10. ’Discerning of spirits’: power to distinguish good inspiration from bad or pretended inspiration, in cases where such easy rules as that of v 3 were not applicable. ’Tongues’: ’languages’, cf. 14:1. ’Speeches’: ’lanquages’, the same Greek word as before.
11. ’Dividing’: ’distributing’.
12-26 Parallel between the Church and the Human Body —It is ’Paul’s longest allegory and remarkably consistent, cf. 3: 10 f. and 2 Corinthians 3:1-3. Compare our Lord’s allegory, of the Vine, on a closely similar subject, John 15:1-8. The comparison of a society to the human body was familiar to Greeks and Romans. Here the spiritual meaning is present throughout. A threefold lesson: 1. Those who are without the more showy gifts must not be depressed or discontented, 15-16. 2. The most richly endowed are useless except as parts of the Christian society, 17-20. 3. The plainer graces are equally needed and nobody must despise them, 21. 13. ’Members’: i.e. parts or organs. ’Christ’: logically we should expect ’the Church’, but Paul wishes to insist on the oneness of Christ and his church, as our Lord himself had done in his first words to him ’Saul, Saul, why persecutest thou me?’ cf.Matthew 25:40; John 15:1, etc.).

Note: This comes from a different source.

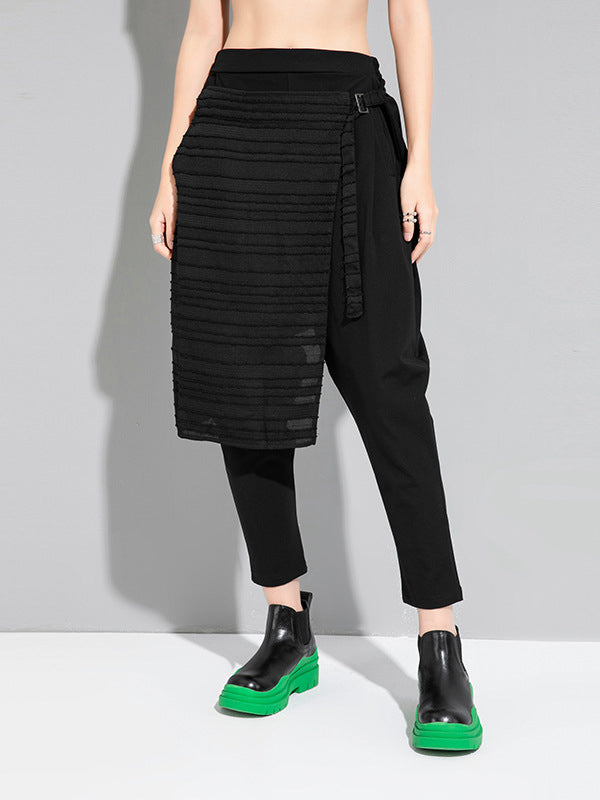 Original Stylish False Two Irregular Solid Color Harem Pants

13. ’Baptized into . . .’: ’made into one body by baptism’. ’In one Spirit . . .’: probably: ’We have all had one Spirit poured out upon us’,cf.Isaiah 29:10, ’The Lord has poured out upon you the spirit of drowsiness’, where LXX uses the same Greek verb; Acts 2:17; Titus 3:6. But many prefer: ’We have all been given one Spirit to drink’.

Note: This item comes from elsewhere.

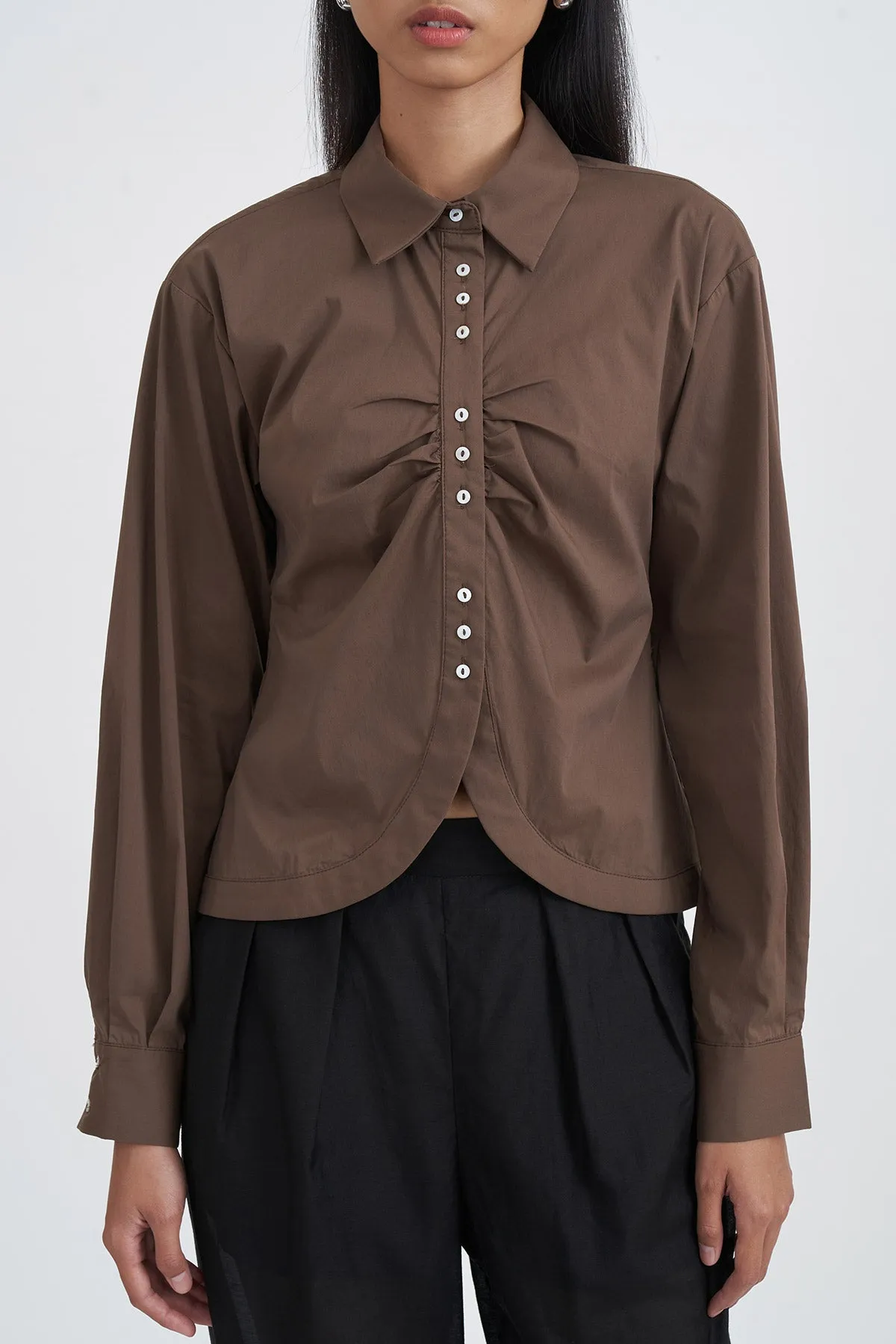 ARCADIA SHIRT BROWN sold by Callie Cotton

15-17. To console those who had not received the popular and spectacular charismata.
15. ’Not of the body’: i.e. not part of the body.
22. ’More feeble’: the choice of this word may well be meant to recall the ’weak brethren’ of ch 8, the ignorant and scrupulous Christians.
23. ’Honour . . . comeliness’: probably refers to clothing.
24. ’tempered’: ’subtly compounded or proportioned . . . giving all the more honour to that which lacked it’.
25. ’Schism’: ’division’.
26. ’glory’: ’is honoured’. The human body as a whole feels the pleasure or pain of any part. It ought to be so in the Church.
27-31a Application of the Allegory —27. ’Members . . .’: probably and individually you are parts (organs)’.
28. ’Doctors’: ’teachers’. ’Helps . . .’: ’Gifts of assistance, of government’. Probably refers to the local Christian office-holders, the deacons and priests, for these also had received charismata through ordination (note on 12:1, cf.1 Timothy 4:14). The priests are called ’presidents’ in. Romans 12:8 and ’shepherds’ in Ephesians 4:11. In Ac and the Pastoral Epistles they are called Seniors (presbyteroi) and that was the name that lasted. No doubt some of the prophets and teachers were priests or deacons too. The honourable place assigned to prophets, etc., in these lists has led to the unfounded theory that there were unordained or ’charismatic’ priests. (§§ 657-9).
31a. ’Better’: or ’best, greatest’. He puts the gift of languages last but one in both lists here, and it is clear from 14:5 that the higher gifts were those that ’built up’, i.e. had a greater social value (e.g. prophecy, teaching).
XII 31b-XIII 13 The Perfect Way—Charity — Charity is necessary for all, as a condition of salvation, but in a higher degree it may be a charisma. Both as virtue and as charisma it stands first in its class, for 1. Without it all the rest are vain. 2. It outlasts all other charismata. This is certainly one of the grandest passages written by Paul: an extraordinary combination of close reasoning and poetic language. The poetic forn owes little either to Hebrew or to Greek models, but is free and unartificial, the natural dress assumed by the exalted thought. The exact scope of Love is not directly stated, but it must be understood throughout in its full sense —love of God and of man for God’s sake. Outside the Gospels the other great passage on this subject is 1 John 4:7-21, which in its very different way is as fine as this.
31b-XIII 3 Virtues and Charismata are Vain without Love —He takes five or six charismata in turn, the miraculous gift of languages being naturally placed first, as it had been especially over-prized. 31b. ’And moreover I can show you a perfect way’.